On 09/10/2023 11:40, Luci Stanescu wrote:
Hi Simon,

Thank you for your response and your openness to this issue! My thoughts below, inline (and apologies for the rather long email).

On 9 Oct 2023, at 01:05, Simon Kelley <si...@thekelleys.org.uk> wrote:
1) Even if this is a kernel bug, kernel bugs fixes take a long time to spread, so working around them in dnsmasq is a good thing to do, as long as it doesn't leave us with long-term technical debt. This wouldn't be the first time a kernel bug has been worked around.

I agree, that's why I've opened this discussion here.

2) https://docs.kernel.org/networking/vrf.html says:

Applications that are to work within a VRF need to bind their socket to the VRF device:
setsockopt(sd, SOL_SOCKET, SO_BINDTODEVICE, dev, strlen(dev)+1);
or to specify the output device using cmsg and IP_PKTINFO.

Which kind of implies that this might not be a kernel bug, rather we're just not doing what's required to work with VRF.

I'm not convinced this isn't a kernel bug. The VRF implementation has been developed in stages over several years. It is indeed the case that initially the sockets had to be bound to the VRF device or to specify it via IP_PKTINFO/IPV6_PKTINFO. But then came support for net.ipv4.*_l3mdev_accept sysctls (which confusingly also affect AF_INET6 sockets) as well as a series of patches in 2018 that allowed specifying a VRF slave device for several operations. Before that series of patches, it certainly made sense for sin6_scope_id in msg_name for recvmsg() to be the VRF device (it had to be) – but I'm not convinced it shouldn't have been changed after the rules for connect() and sendmsg() were relaxed.
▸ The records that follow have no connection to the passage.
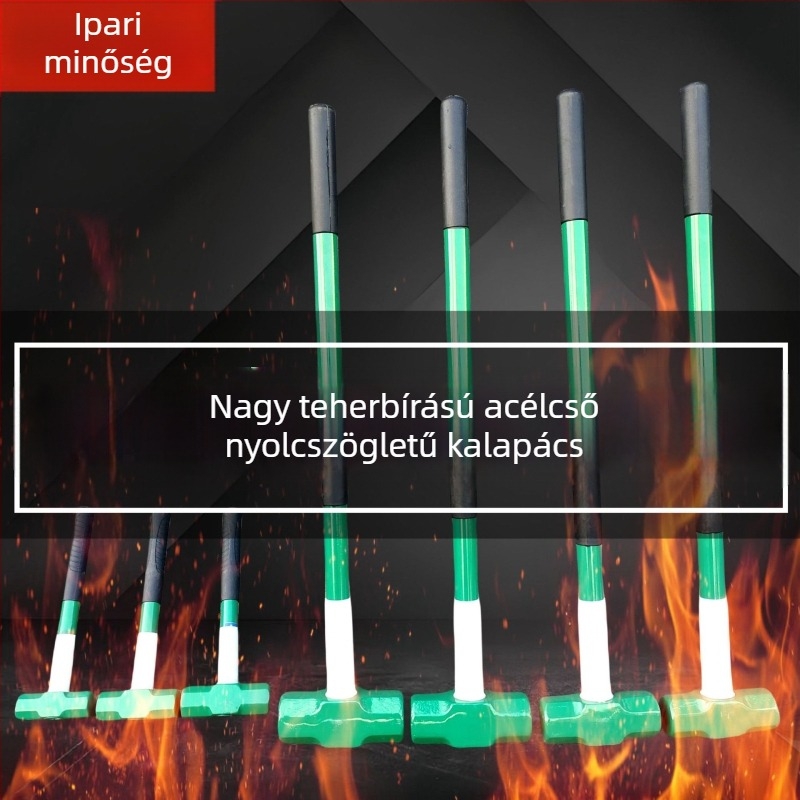 Kaicheng nehéz nyolcszögletű kalapács acélcső fogantyúval, kőműves kalapács, magas széntartalmú acélból, 900 mm hosszú, méretek 2–16
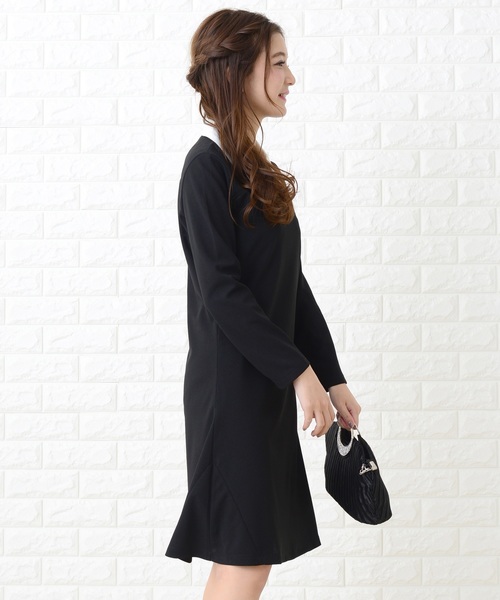 Lace Ladies ドレス 丸襟Aラインシンプルワンピース・ドレス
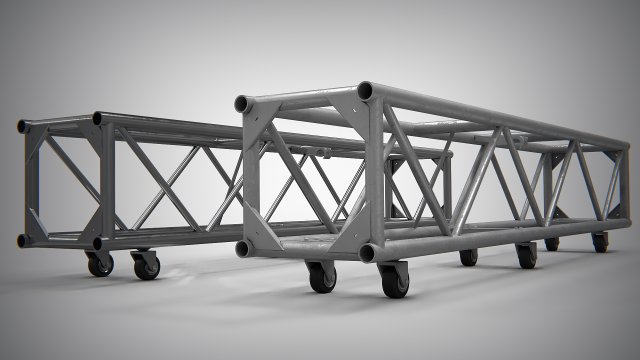 Truss Single Bar 20x20 inch PBR 3D Model .c4d .max .obj .3ds .fbx .lwo .lw .lws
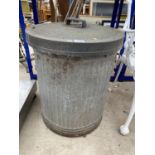 A VINTAGE GLAVANISED DUST BIN/PLANTER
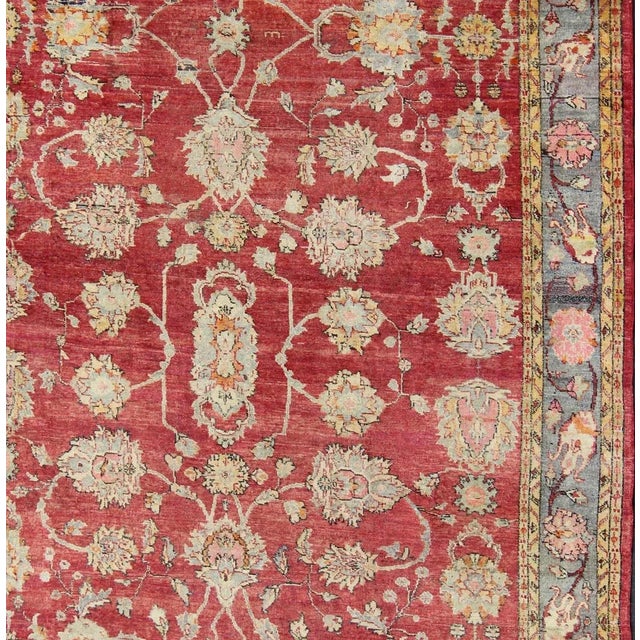 Tribal Early 20th Century Antique Turkish Oushak Rug in Red Blue/Gray Border L. Green Yellow & Pink For Sale - Image 3 of 11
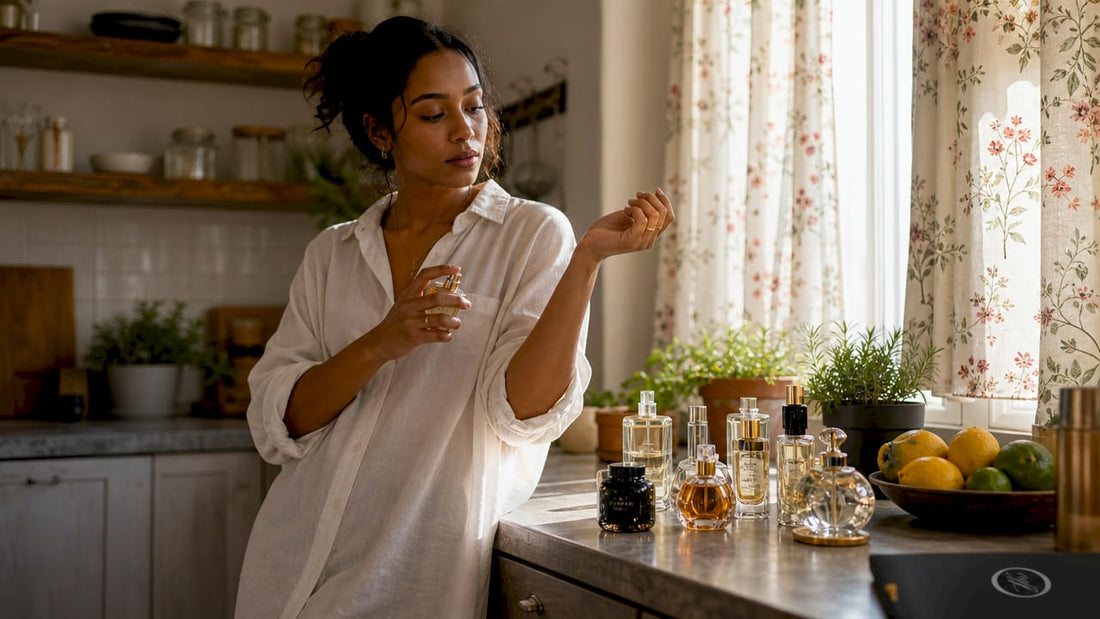 Woman testing romantic fragrance at vanity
The thing is, as it stands, the kernel code works well for everything except IPv6 link-local communication, so it wouldn't be surprising for this to be a simple oversight.

I had tracked this down while trying to figure out what's going on here and detailed a bit in the kernel bug report, which you can find here:

https://lore.kernel.org/netdev/06798029-660d-454e-8628-3a9b9e1af...@safebits.tech/T/#u
 
<https://lore.kernel.org/netdev/06798029-660d-454e-8628-3a9b9e1af...@safebits.tech/T/#u>

Setting the device to send to using IP_PKTINFO rather than relying on the flowinfo field in the destination address would be quite possible, and the above implies that it will work.

Apologies for being pernickety, but it's the scope_id field which is relevant here, rather than flowinfo. And since we're talking AF_INET6, shouldn't it be IPv6_PKTINFO?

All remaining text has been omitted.